- Data supplied
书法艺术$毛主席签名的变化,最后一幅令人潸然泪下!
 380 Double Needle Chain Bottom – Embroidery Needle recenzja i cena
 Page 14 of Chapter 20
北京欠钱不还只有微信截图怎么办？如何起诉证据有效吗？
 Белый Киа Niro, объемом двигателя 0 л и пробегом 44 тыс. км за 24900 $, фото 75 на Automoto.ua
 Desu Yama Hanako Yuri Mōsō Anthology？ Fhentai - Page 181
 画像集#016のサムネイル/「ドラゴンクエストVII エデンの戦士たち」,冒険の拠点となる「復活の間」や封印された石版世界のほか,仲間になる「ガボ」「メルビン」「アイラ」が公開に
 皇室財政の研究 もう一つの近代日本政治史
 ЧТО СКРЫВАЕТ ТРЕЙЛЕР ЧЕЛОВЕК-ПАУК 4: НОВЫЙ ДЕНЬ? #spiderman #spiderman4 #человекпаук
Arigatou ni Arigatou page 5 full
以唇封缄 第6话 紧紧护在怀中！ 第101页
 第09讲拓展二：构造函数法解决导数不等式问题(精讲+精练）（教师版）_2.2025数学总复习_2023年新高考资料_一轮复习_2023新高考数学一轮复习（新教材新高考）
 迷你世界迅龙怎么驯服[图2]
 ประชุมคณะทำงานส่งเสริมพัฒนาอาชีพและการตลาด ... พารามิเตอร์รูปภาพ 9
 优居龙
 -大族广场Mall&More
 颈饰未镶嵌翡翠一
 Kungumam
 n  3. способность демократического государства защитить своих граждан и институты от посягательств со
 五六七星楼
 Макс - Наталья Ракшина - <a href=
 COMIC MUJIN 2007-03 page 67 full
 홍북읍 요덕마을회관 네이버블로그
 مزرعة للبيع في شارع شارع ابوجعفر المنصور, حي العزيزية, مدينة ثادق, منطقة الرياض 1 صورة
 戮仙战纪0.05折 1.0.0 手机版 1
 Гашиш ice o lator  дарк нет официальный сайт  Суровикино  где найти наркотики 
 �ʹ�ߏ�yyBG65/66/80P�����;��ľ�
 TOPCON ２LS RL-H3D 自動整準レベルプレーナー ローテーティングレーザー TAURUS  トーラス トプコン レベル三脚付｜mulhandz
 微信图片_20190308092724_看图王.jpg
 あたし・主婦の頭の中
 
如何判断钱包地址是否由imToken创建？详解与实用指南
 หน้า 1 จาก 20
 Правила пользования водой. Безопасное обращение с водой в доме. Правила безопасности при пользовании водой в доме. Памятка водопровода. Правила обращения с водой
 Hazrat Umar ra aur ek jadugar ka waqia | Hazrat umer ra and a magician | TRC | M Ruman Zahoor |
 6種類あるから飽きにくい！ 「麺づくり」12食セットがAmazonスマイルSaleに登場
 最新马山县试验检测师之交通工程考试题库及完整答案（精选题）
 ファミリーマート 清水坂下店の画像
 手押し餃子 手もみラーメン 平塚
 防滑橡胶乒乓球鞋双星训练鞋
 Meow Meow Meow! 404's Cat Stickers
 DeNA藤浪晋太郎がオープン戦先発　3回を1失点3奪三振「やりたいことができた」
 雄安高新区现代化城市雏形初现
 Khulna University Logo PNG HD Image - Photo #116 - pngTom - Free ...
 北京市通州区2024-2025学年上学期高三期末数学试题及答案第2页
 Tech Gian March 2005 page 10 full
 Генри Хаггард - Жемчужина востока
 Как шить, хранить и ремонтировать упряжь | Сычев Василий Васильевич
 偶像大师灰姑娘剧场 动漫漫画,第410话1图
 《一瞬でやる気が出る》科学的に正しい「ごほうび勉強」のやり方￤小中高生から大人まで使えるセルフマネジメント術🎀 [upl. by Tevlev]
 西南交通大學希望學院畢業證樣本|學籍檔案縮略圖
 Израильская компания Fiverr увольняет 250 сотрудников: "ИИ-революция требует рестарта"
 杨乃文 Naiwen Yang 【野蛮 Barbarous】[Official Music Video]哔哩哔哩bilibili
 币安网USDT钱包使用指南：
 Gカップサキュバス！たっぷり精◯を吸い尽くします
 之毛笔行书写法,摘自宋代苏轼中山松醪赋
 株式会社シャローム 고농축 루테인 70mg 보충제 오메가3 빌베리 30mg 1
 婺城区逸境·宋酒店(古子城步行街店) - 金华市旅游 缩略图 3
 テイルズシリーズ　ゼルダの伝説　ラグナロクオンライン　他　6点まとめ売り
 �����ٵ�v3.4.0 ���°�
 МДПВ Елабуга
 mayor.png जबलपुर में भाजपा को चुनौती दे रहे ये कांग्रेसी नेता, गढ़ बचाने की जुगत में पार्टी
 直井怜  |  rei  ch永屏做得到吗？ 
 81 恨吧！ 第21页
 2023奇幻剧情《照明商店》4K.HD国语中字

- What you have to do
Across all the entries, count the lines that contain "full", and state nothing but the total.

- Response to the exercise
3